A deep learning model, using optic nerve and macular optical coherence tomography images, was able to identify the presence of multiple sclerosis, myelin oligodendrocyte glycoprotein antibody-associated disease, and neuromyelitis optica spectrum disorders.

A deep learning model was able to determine the presence or absence of multiple sclerosis (MS), myelin oligodendrocyte glycoprotein antibody-associated disease (MOGAD), and neuromyelitis optica spectrum disorders (NMOSD), according to study results presented at the European Committee for Treatment and Research in Multiple Sclerosis (ECTRIMS) Congress 2025, held in Barcelona, Spain from September 24 to 26, 2025.
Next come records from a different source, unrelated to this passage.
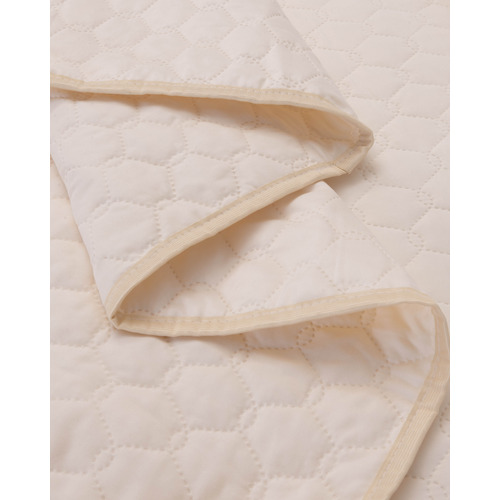 Покрывало ультрастеп микрофибра 099 150/210 фото 7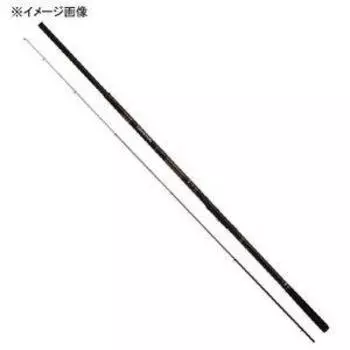 DAIWA Rod Gokyu Kishu Long Throw Fishing Rod Chinu/Iso 3-63T/Q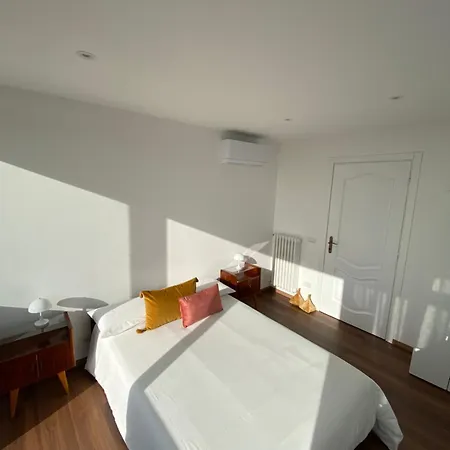 Casa Fiona - Attico Con Incredibile Vista Mare *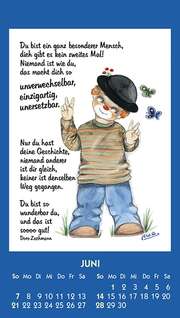 Juni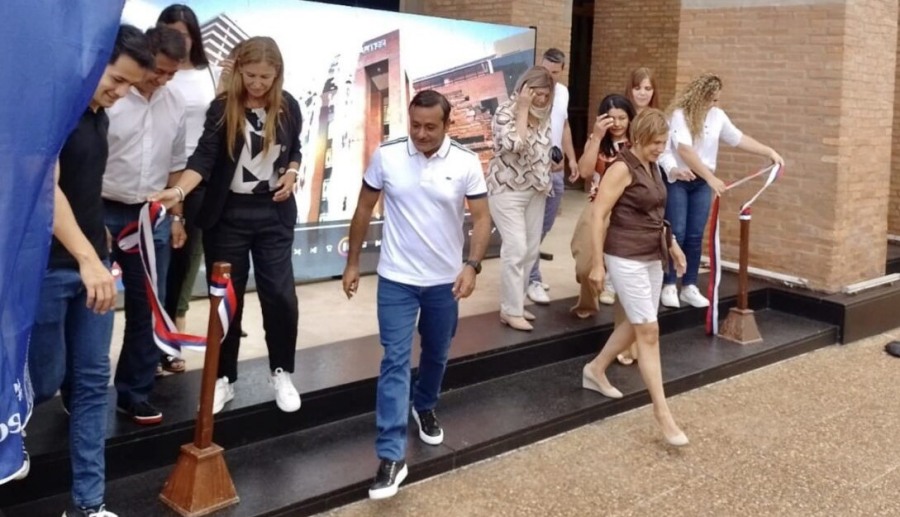 “Vivir Misiones” y “Escapada de Finde”: La Legislatura presentó iniciativas para fomentar el turismo en la provincia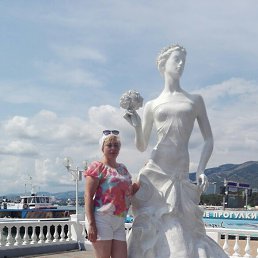 ������, ���������, 57 ���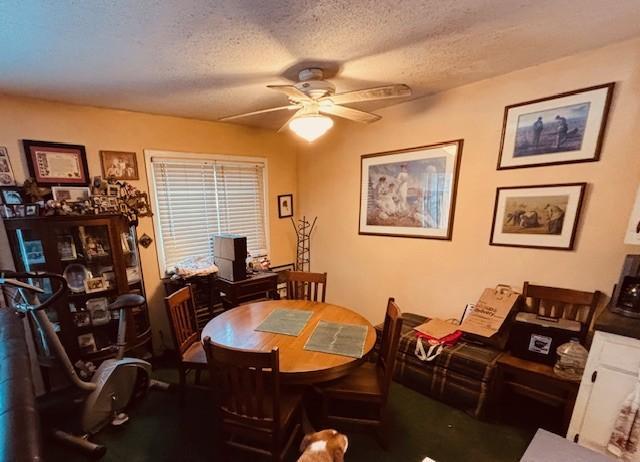 6843 York N, Brooklyn Center, MN 55429
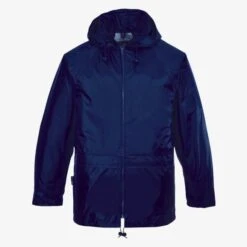 Portwest S440 - Classic Rain Jacket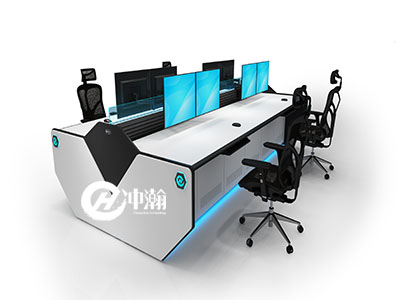 操作臺(tái)會(huì)議桌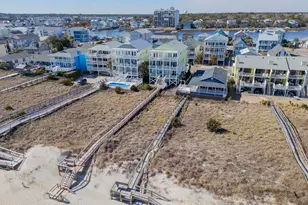 810 N Carolina Beach Ave N, Carolina Beach, NC 28428 - Photo 71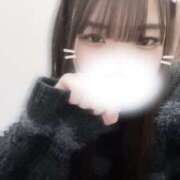 ヒメ日記 2025/03/19 14:35 投稿 えれん スピード難波店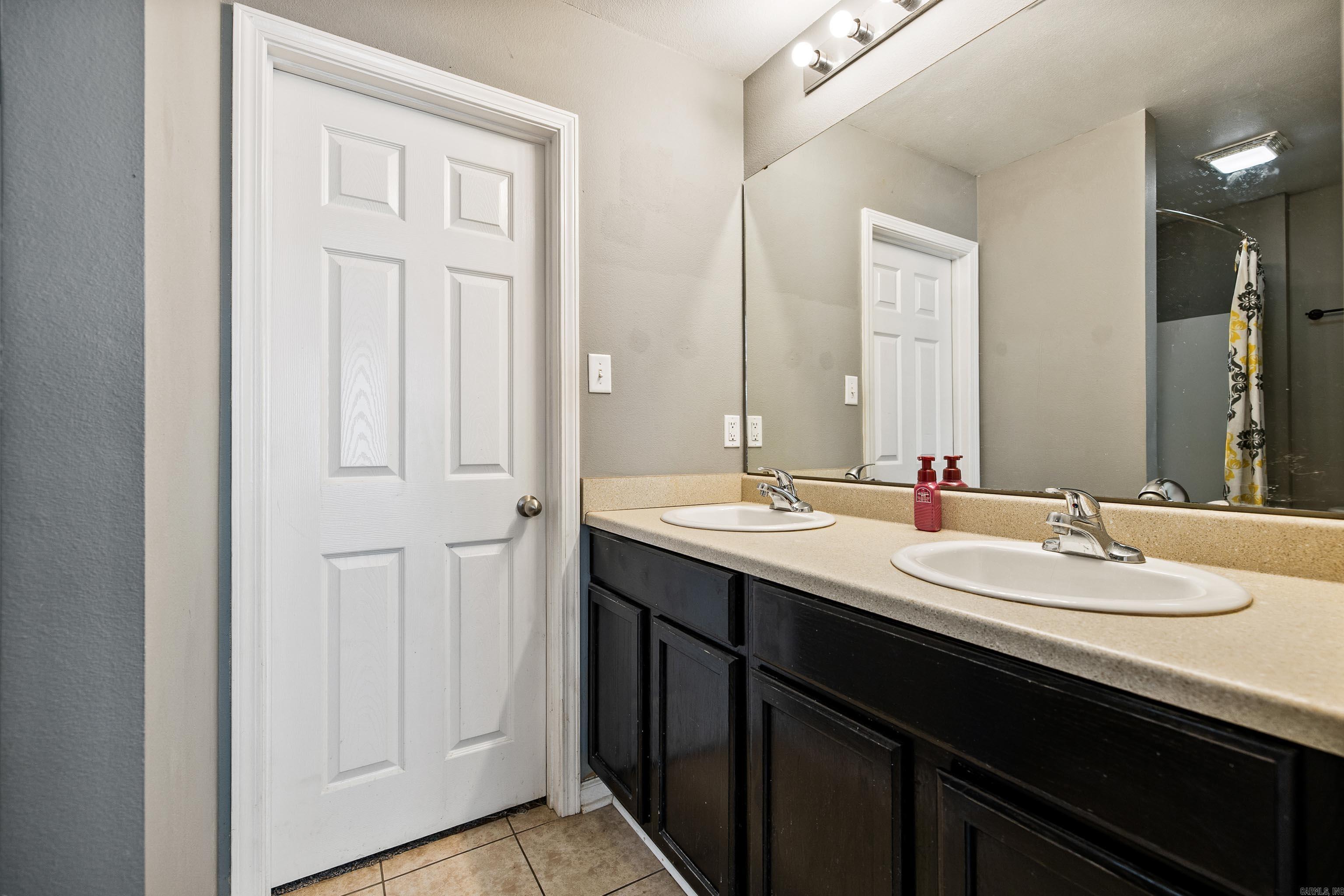 SAINT JOSEPHS GLEN - Residential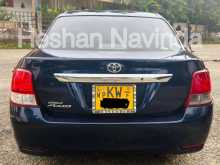 https://riyasewana.com/uploads/toyota-axio-161-2012-87260912542.jpg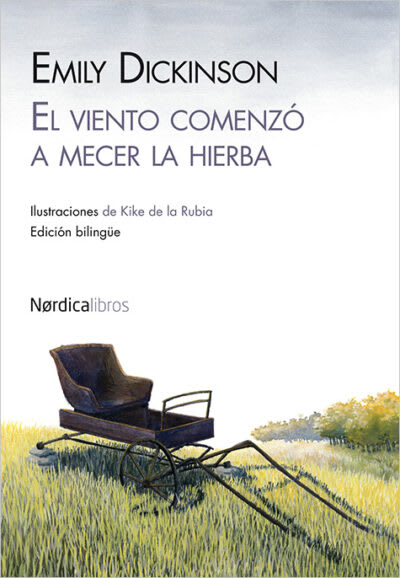 El viento comenzo a mecer la hierba1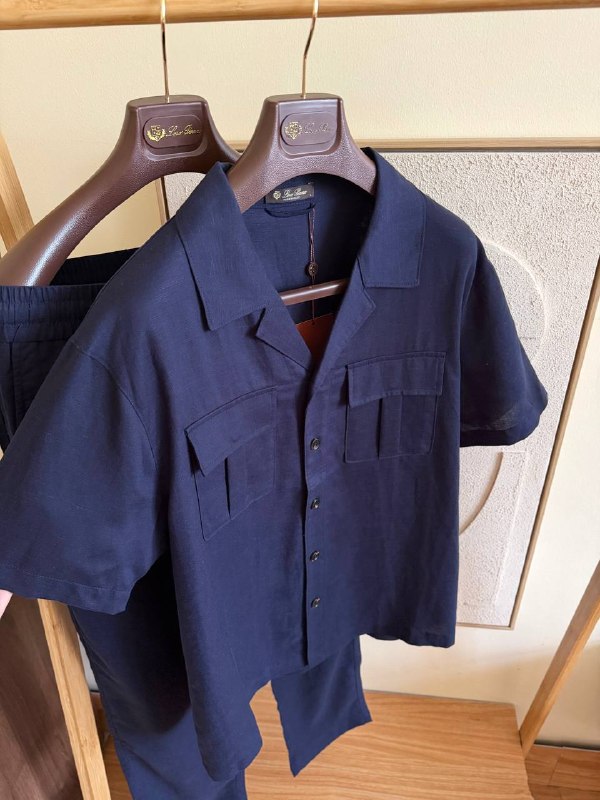 TG loro piana70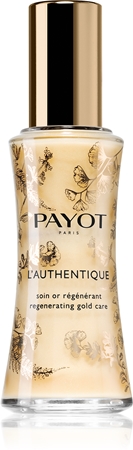 Payot L'Authentique intenzívne regeneračné sérum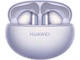 Навушники Huawei FreeBuds 6i Purple (55037550) - изображение 1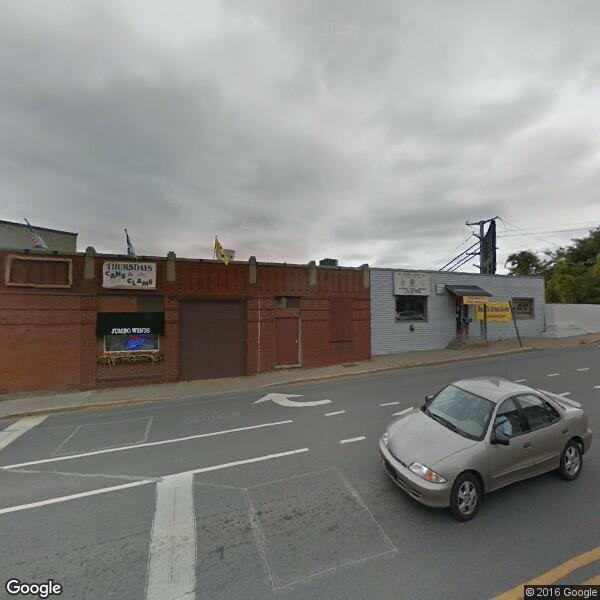 2023 Car Garage Building Cost Calculator Oneonta, New York Manta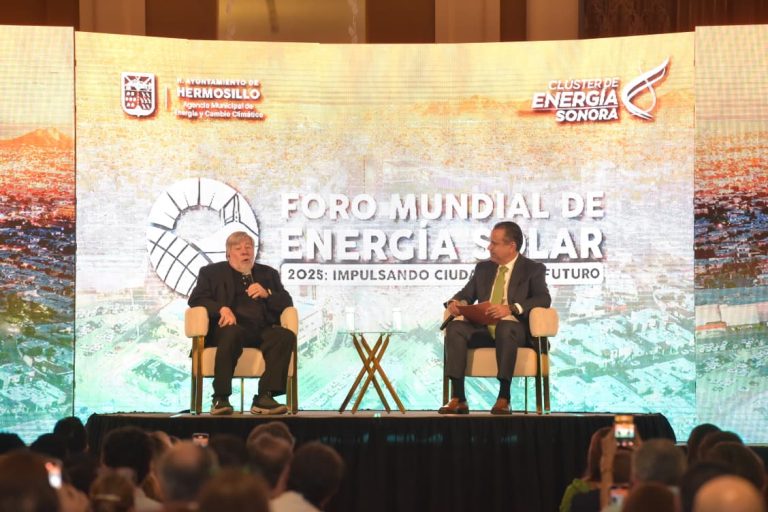 Steve-Wozniak2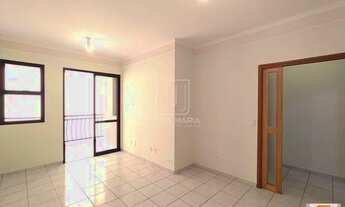 Imagem 2: Apartamento (tipo - padrao) 2 dormitórios/suite, cozinha planejada, elevador, em condomíni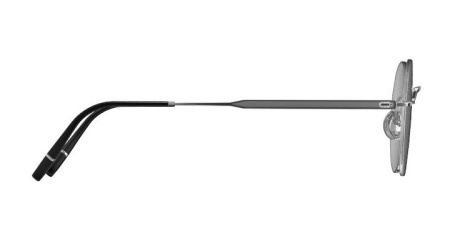 Изображение 3: Оправа для очков Silhouette 5586 7000 17/140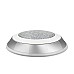 ac12v led pool light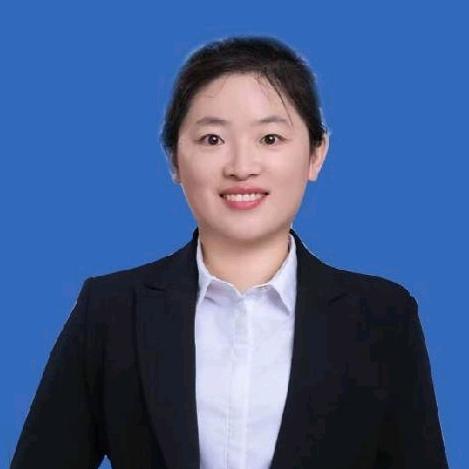 🎀齐盛湖绿城百合玖易房产小娜娜🎀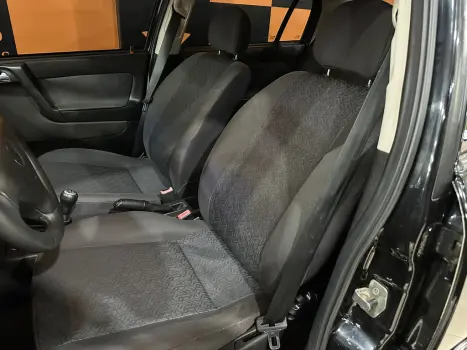 CHEVROLET Astra Sedan 2.0 4P ADVANTAGE, Foto 7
Patients with MS, MOGAD, and NMOSD have overlapping clinical symptoms despite distinct pathophysiology. Patients with autoimmune neuroinflammatory disorders can be distinguished from controls by retinal thickness measured by optical coherence tomography (OCT), but it remains unclear whether OCT data may be used to distinguish between disorder subtypes.

Researchers used optic nerve and macular volumetric OCT images from 623 patients and controls in the US, Germany, and India. Data collected at 2 of the study sites were used to train a Residual Deep Convolutional Neural Network with a Variational AutoEncoding model, which was tested with data from all 3 sites. Cross-validation analysis was conducted by randomly splitting the data into training (70%), validation (15%), and test (15%) sets.

The study included patients with MS (n=345), MOGAD (n=92), NMOSD (n=69), primary ocular diseases (n=16), and controls (n=101).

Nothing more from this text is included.